How infinitely instructive is the instance of these liberal professors for an appraisal of our State Duma! Is it not clear now, from the experience of the universities, that the liberals and the Constitutional-Democrats will tremble for the "fate of the Duma" just as much as these miserable knights of cheap-jack science tremble for the "fate of the universities"? Is it not now clear that the liberals and the Constitutional-Democrats cannot use the Duma in any other way save the purpose of still more extensive and still more evil smelling preaching of peaceful and law-abiding progress? Is it not clear now how ridiculous are the hopes of transforming the Duma into a revolutionary assembly?
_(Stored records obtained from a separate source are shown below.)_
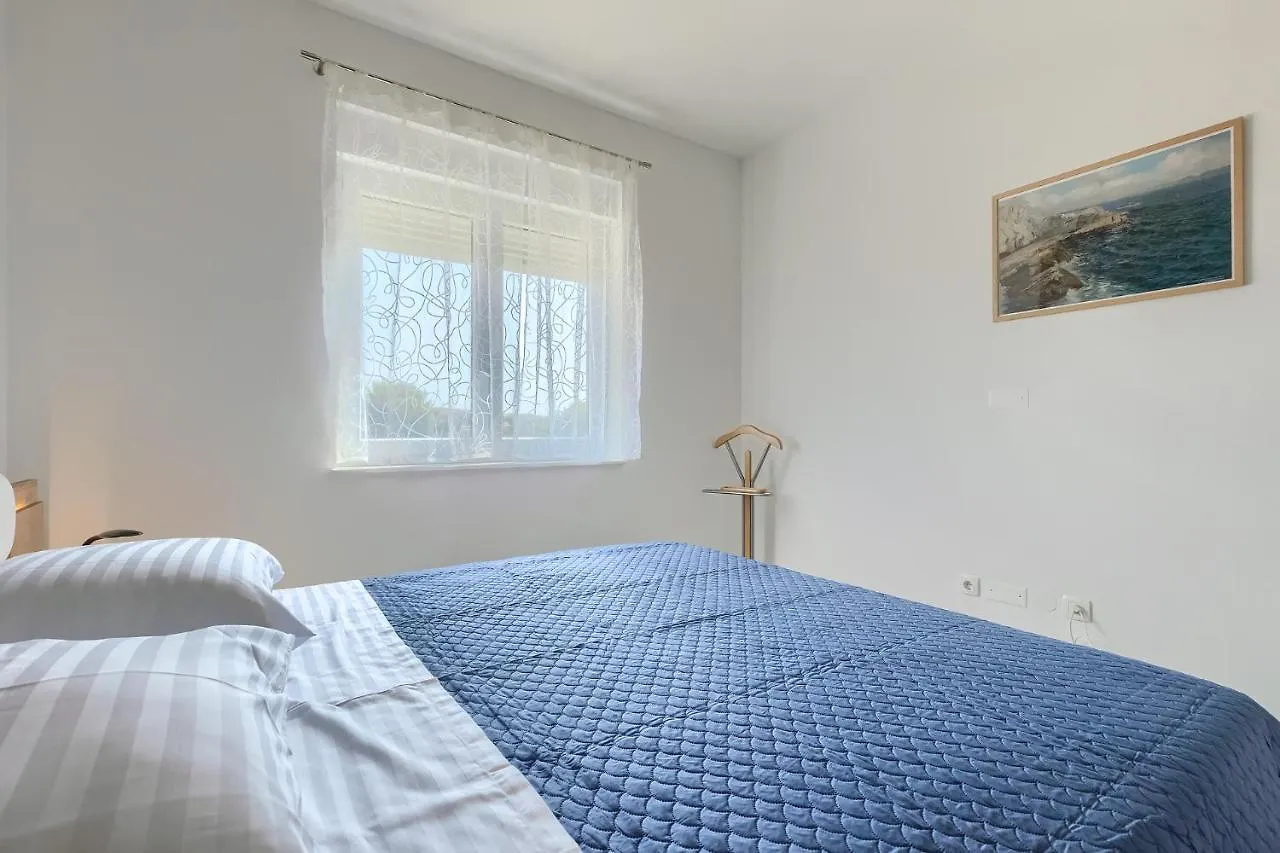 Apartments Medulin 2217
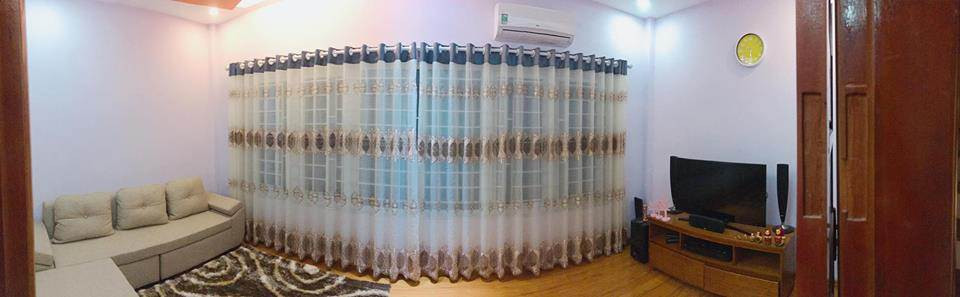 Trên tầng 2, nữ MC Hoàng Linhchọn làm không gian phòng khách với cửa sổ lớn, rất thoáng và sáng sủa.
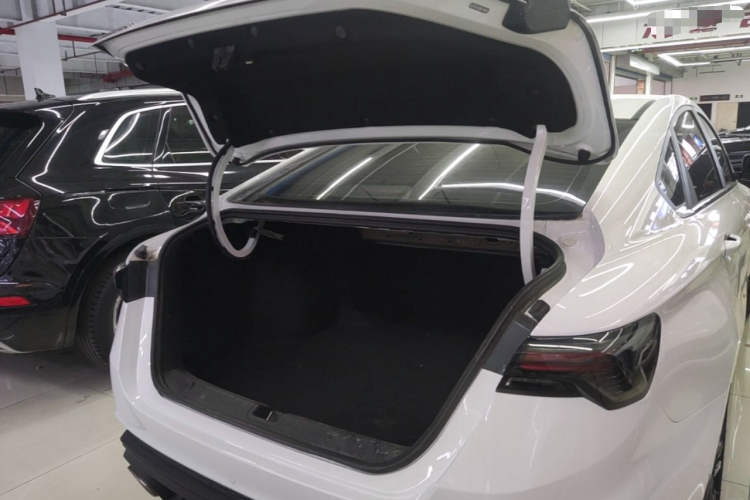 GEELY Binray 2023 #21 GEELY Binray 2023 صورة سيارة #21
Is it not clear that there is only one method of "influencing" -- not specifically the Duma or specifically the universities but the whole of the old autocratic regime -- the method of the Moscow workers, the method of insurrection by the people? It is this alone that will not merely force the Manuilovs in the universities to ask for freedom of assembly, and the Petrunkeviches in the Duma to ask for liberty for the people, but will win genuine liberty for the people.
The Moscow events have shown the real alignment of social forces: the liberals scampered from the government to the radicals, urging the latter to desist from the revolutionary struggle. The radicals fought in the ranks of the proletariat. Let us not forget this lesson: it also bears directly on the State Duma.
Let the Petrunkeviches and the other Constitutional Democrats play at parliamentarianism in autocratic Russia -- the workers will wage a revolutionary struggle for genuine sovereignty of the people.
Irrespective of how the insurrectionary outbreak in Moscow ends, the revolutionary movement will in any case emerge even stronger than before, will spread to a wider area, and gather new forces. Let us even assume that the tsarist troops are now celebrating a complete victory in Moscow -- a few more such victories and the utter collapse of tsardom will become a fact. This will then be the actual, genuine collapse of the entire heritage of serf-ownership, autocracy, and obscurantism -- not the flabby, craven, and hypocritical patching up of tattered rags, with which the liberal bourgeois are trying to delude themselves and others. Let us even assume that tomorrow's post will bring us the sad news that the insurrectionary outbreak has been crushed once again. We shall then exclaim: once again -- hail insurrection!